Family In Crisis Mode: Rutherford And Son At National Theatre Rutherford and Son, National Theatre 4
Photo: Johan Persson

Every good drama has its gear change moment, the point at which you move from passively watching to completely hooked. It's no coincidence that in Rutherford And Son, things start to steam along from the moment titular star Roger Allam comes on stage, half way into the first act.

He's a big presence. But Githa Sowerby’s 1912 story of a North-East family in crisis mode — loved by the National so much, it's staged it twice now — more than matches his acting weight.

Photo: Johan Persson

Three children, grown up under the shadow of their charismatic father, are each as stunted as the blasted trees on the moor outside their well-run house, stacked with paperwork and gleaming furniture.

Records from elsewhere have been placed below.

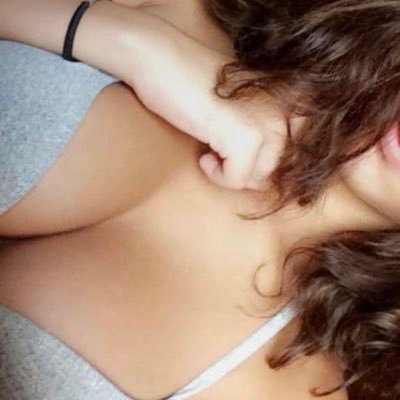 salut je suis julie je vend mes nudes 🔞🍊😋 n’hésitez pas à me contacter si vous voulez mes tarifs, je mord pas 😙 https://t.co/La5hU0YFiU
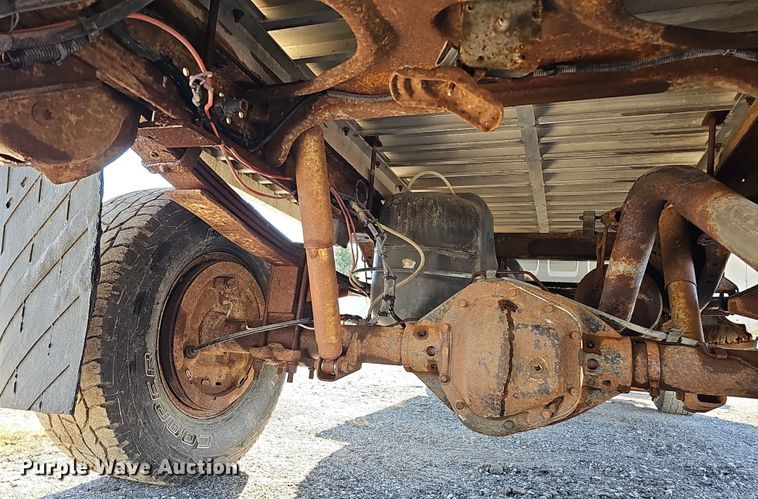 image for item IO9766 1995 Dodge  Ram 2500 flatbed pickup truck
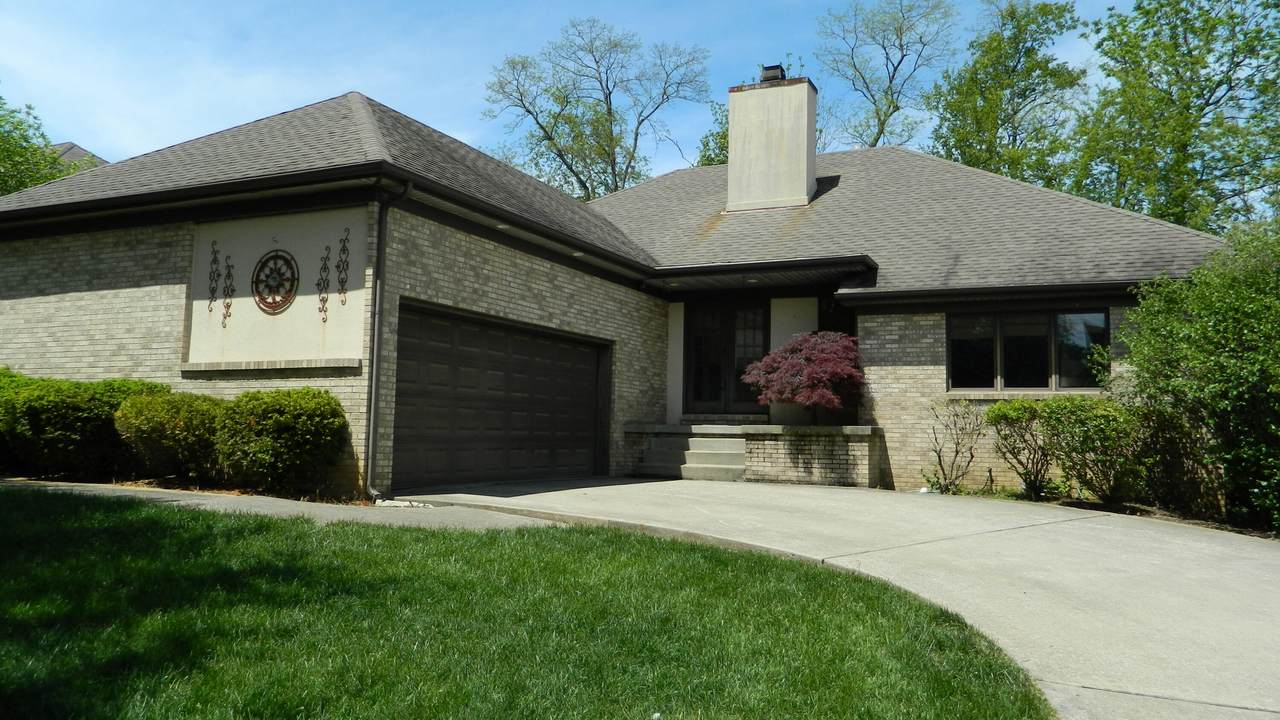 1233 Sherborne - Photo 1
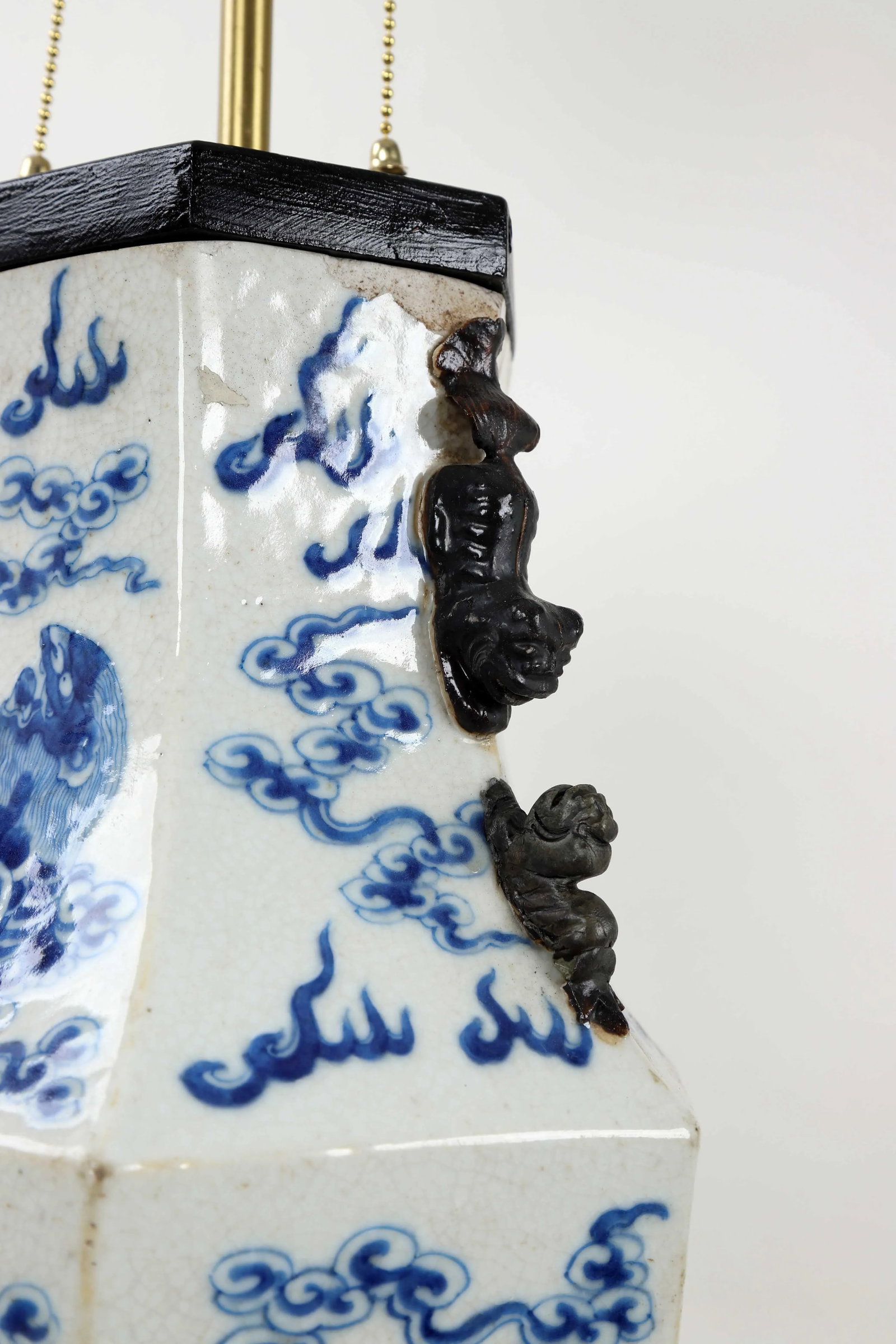 19th Century Chinese Qing Dynesty Double Bulb Pull Switch Hexagonal Blue & White Porcelain Lamp With - 10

Janet (Justine Mitchell) is stoic yet quietly seething, at 36 unmarried because any match was judged beneath her. Dick (Harry Hepple) is a hesitant vicar, John (Sam Troughton), a spivvy salesman with a Harrow education who hopes a glassmaking recipe can save his wife and children from poverty. "Your mother brought you up soft in secret on books and poetry," accuses Rutherford of John. The play's hook hinges on how each of the children's closely guarded secrets; who they are, the fact they hate him, are unravelled.

Photo: Johan Persson

Lizzie Clachan’s austere set is introduced under a curtain of driving rain, an immersive setting for this cold world. The Geordie vowels also have dramatic power here. In Allam’s Rutherford, whether you think him worthy of pity and fair minded, or tyrannically controlling, his voice is warm and solid. In John, his rising panic is conveyed through the sing-song way he speaks. Plaudits to dialect coach (Daniele Lydon) for working with the language so well rather than just getting the accents right.

Photo: Johan Persson

In the factories of the type Rutherford owned, molten glass would have been moulded under 500 degrees of heat. Within these claustrophobic walls the family has withstood the heat only to shatter one by one. When the night ends there are only two standing and a new, chillier future awaits.

Rutherford and Son, National Theatre (Lyttleton), South Bank, SE1 9PX. Tickets: £32-£84, until 3 August 2019.